* Work instructions: With the pictures omitted, repeat exactly the lines below starting with the line that has "I'm sure you" and going on through the line that has "After that, as".

* Extracted material:
^^^^^^^^^^^^^^^^

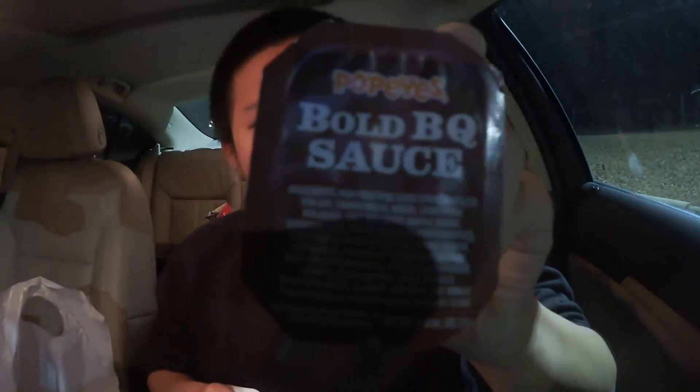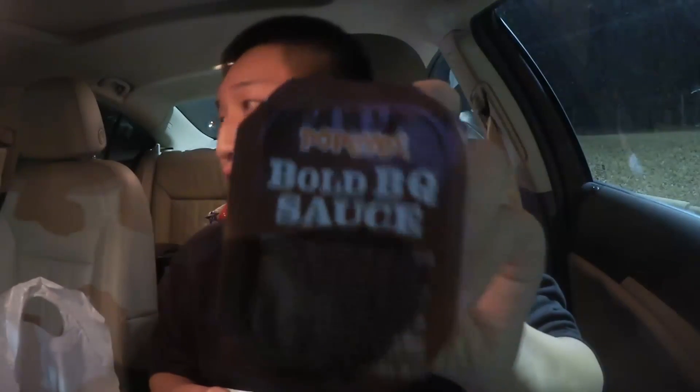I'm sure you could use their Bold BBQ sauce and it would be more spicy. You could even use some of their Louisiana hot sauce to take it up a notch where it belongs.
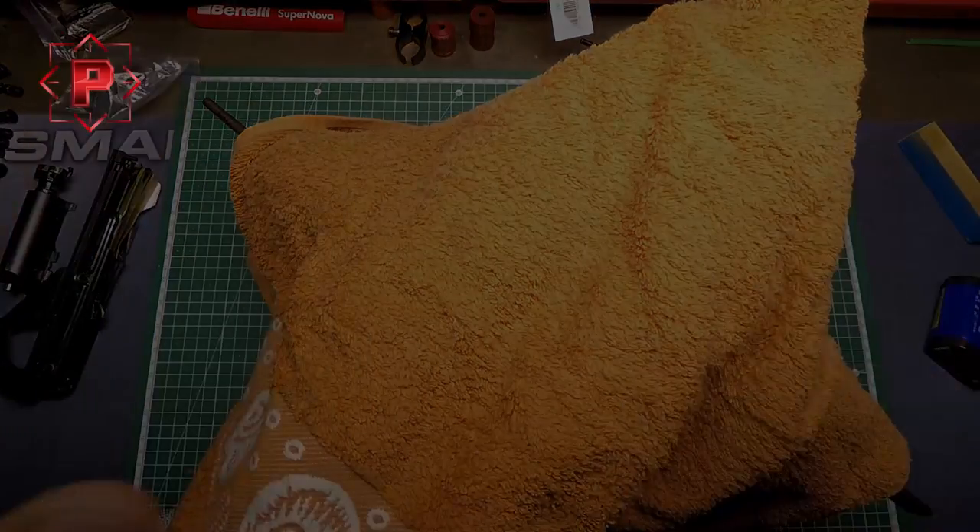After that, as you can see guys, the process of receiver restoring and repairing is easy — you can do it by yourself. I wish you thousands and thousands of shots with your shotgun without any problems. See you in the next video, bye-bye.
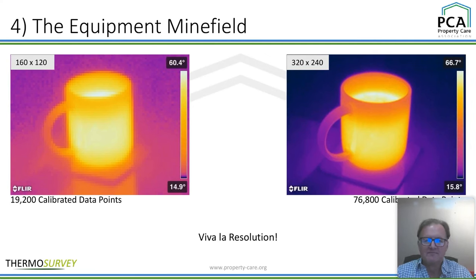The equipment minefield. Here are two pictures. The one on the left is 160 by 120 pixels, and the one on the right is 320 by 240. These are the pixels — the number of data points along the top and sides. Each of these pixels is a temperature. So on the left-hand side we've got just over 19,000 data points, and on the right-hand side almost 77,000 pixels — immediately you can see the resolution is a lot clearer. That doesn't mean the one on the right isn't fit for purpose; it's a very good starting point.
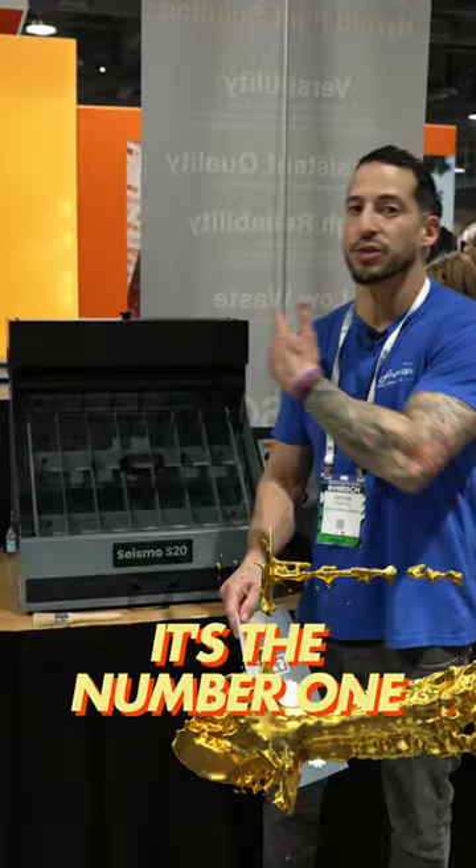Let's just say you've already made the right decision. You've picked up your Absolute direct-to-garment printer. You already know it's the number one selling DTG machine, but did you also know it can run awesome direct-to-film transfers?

^^^^^^^^^^^^^^^^

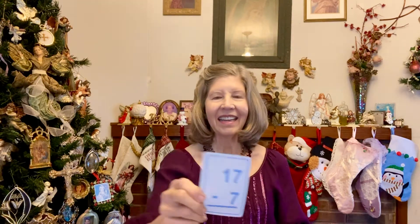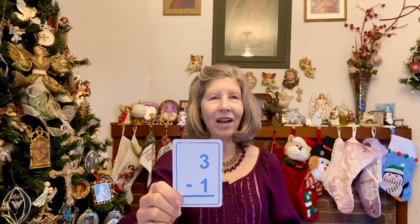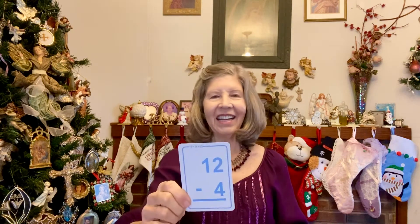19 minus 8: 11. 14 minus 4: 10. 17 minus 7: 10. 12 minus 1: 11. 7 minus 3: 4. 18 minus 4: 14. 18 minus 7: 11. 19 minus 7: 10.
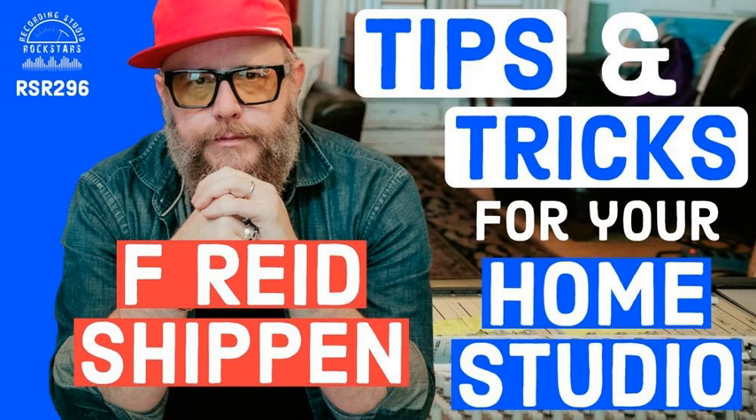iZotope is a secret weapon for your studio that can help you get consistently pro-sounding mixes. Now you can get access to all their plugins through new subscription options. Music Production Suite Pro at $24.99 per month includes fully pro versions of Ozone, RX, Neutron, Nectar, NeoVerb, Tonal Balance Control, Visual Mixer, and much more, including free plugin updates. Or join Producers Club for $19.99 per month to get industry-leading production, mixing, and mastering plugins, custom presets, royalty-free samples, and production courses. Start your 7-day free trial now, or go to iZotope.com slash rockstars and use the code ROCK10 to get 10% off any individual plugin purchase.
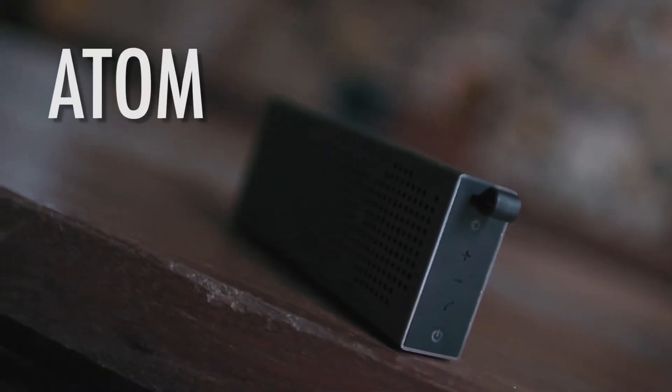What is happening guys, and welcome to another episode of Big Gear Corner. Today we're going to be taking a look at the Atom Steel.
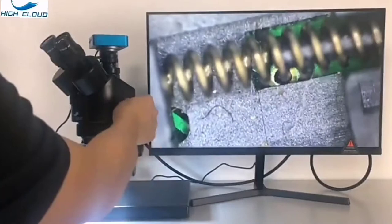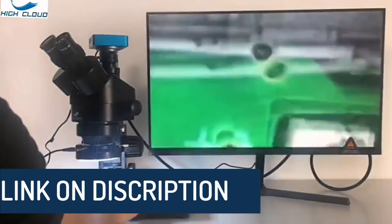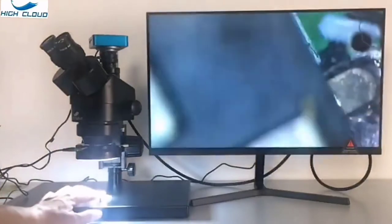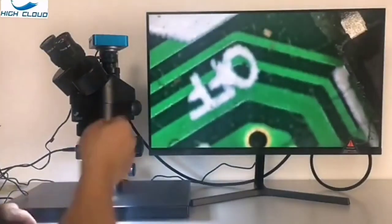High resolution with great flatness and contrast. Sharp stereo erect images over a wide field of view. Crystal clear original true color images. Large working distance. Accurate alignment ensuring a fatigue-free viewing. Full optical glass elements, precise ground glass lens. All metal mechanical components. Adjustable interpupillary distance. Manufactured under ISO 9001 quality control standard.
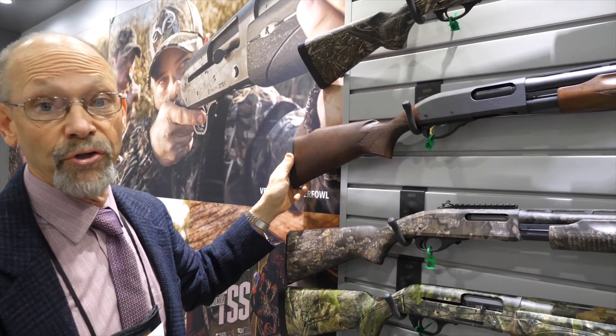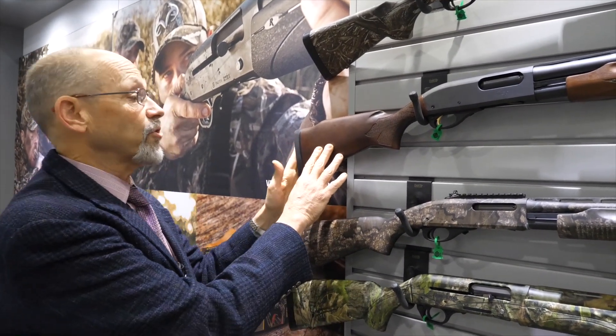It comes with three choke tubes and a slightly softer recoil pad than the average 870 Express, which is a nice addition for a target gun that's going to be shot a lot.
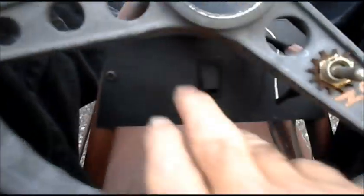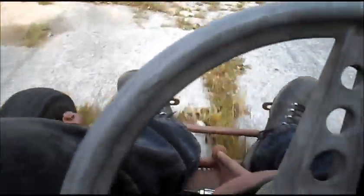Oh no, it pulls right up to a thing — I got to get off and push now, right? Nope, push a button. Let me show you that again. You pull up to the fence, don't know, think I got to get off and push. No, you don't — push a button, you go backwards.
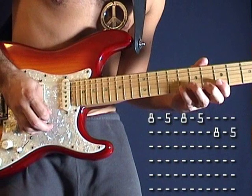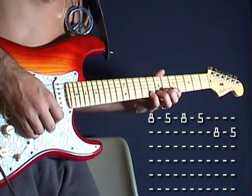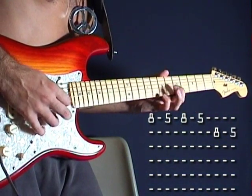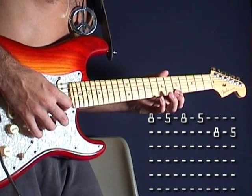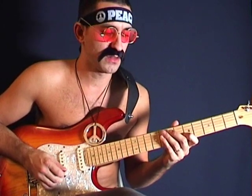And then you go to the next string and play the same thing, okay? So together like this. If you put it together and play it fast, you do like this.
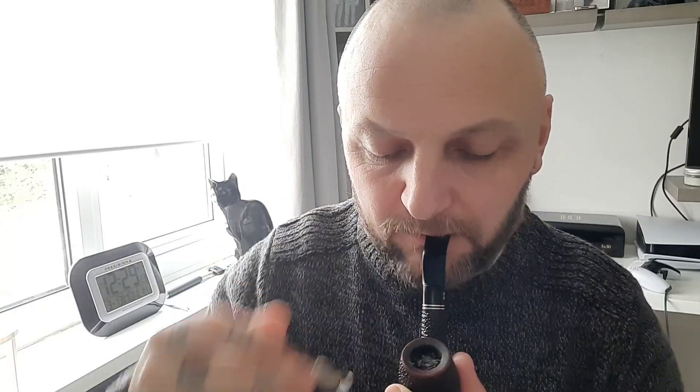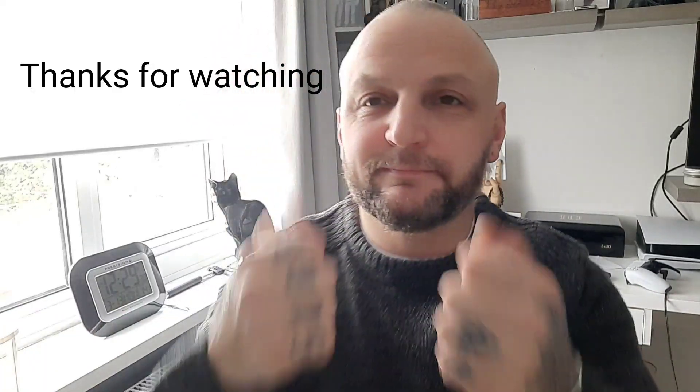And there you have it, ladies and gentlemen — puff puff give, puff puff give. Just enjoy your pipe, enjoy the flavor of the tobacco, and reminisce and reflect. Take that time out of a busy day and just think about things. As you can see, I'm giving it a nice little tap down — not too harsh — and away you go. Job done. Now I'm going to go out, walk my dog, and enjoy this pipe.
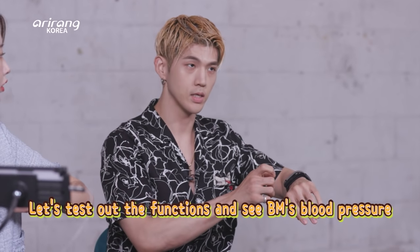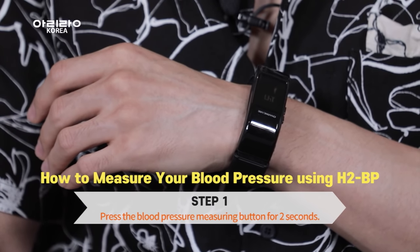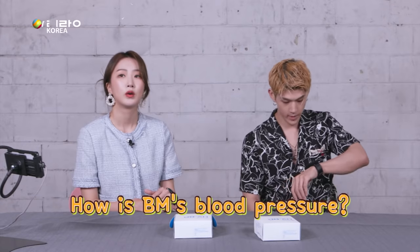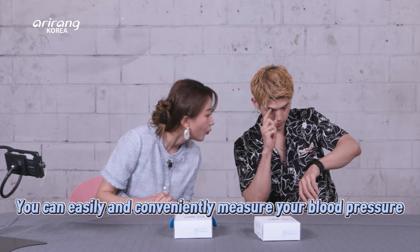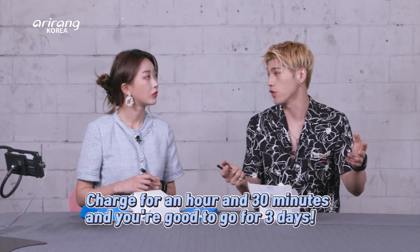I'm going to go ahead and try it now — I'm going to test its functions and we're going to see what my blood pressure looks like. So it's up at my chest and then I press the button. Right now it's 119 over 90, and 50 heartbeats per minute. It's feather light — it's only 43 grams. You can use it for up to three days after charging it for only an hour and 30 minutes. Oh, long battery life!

^^^^^^^^^^^^^^^^

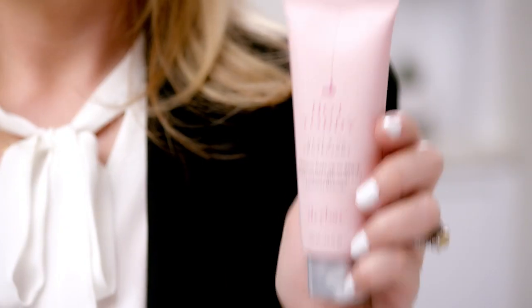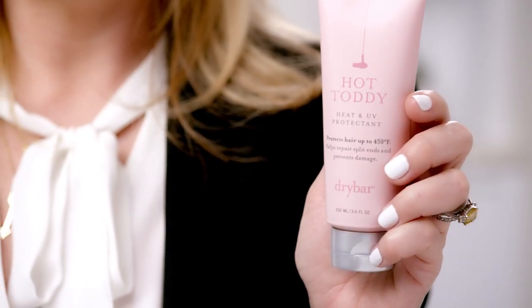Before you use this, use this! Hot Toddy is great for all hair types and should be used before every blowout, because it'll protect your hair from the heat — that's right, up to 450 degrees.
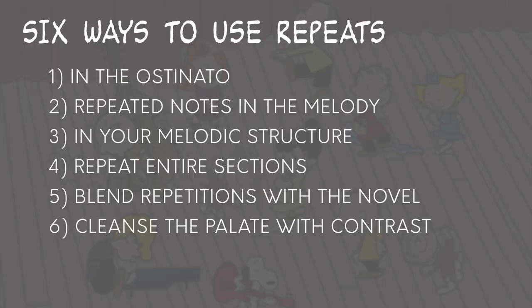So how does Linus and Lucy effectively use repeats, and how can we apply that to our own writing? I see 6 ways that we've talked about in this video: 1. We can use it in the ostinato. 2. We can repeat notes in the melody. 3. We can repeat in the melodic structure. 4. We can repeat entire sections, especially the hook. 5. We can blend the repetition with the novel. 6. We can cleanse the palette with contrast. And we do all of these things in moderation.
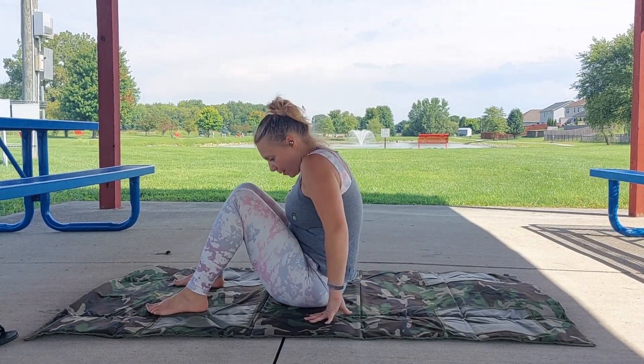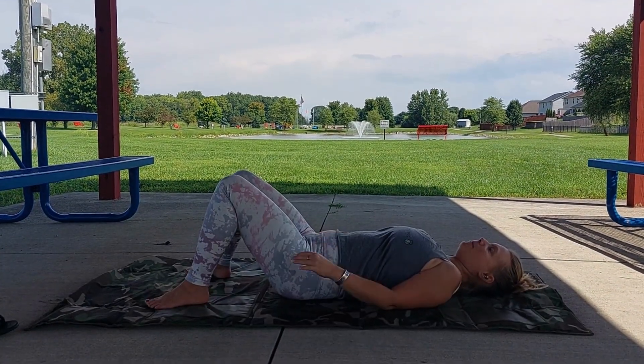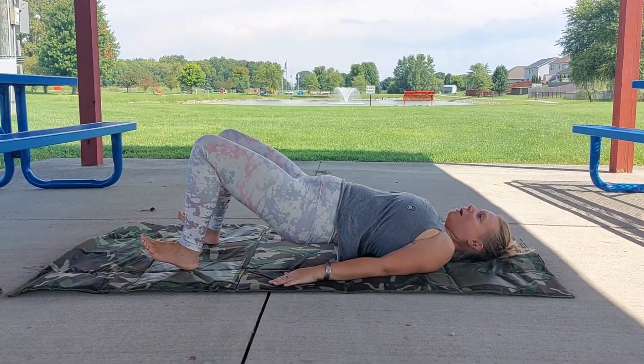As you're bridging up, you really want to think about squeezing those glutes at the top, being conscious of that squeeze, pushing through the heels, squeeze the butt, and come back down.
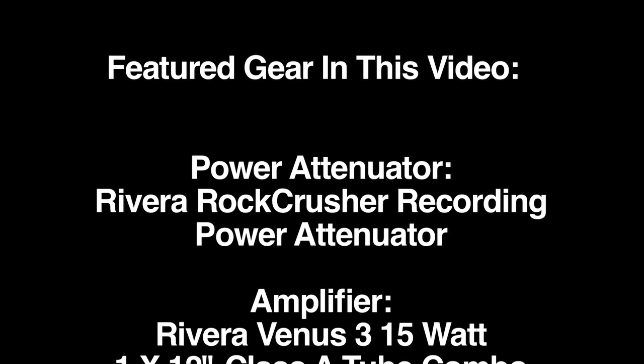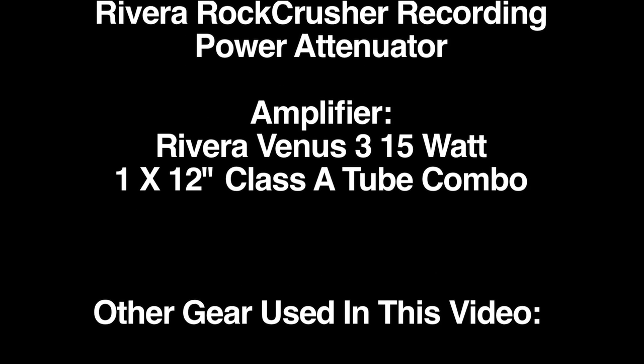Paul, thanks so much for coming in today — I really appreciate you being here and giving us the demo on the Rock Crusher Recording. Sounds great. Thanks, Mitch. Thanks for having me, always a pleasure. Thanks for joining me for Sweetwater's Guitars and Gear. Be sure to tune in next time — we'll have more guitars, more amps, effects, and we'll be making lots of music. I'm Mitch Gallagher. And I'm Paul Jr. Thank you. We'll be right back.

^^^^^^^^^^^^^^^^

* Answer section:
I'm sure you could use their Bold BBQ sauce and it would be more spicy. You could even use some of their Louisiana hot sauce to take it up a notch where it belongs.
After that, as you can see guys, the process of receiver restoring and repairing is easy — you can do it by yourself. I wish you thousands and thousands of shots with your shotgun without any problems. See you in the next video, bye-bye.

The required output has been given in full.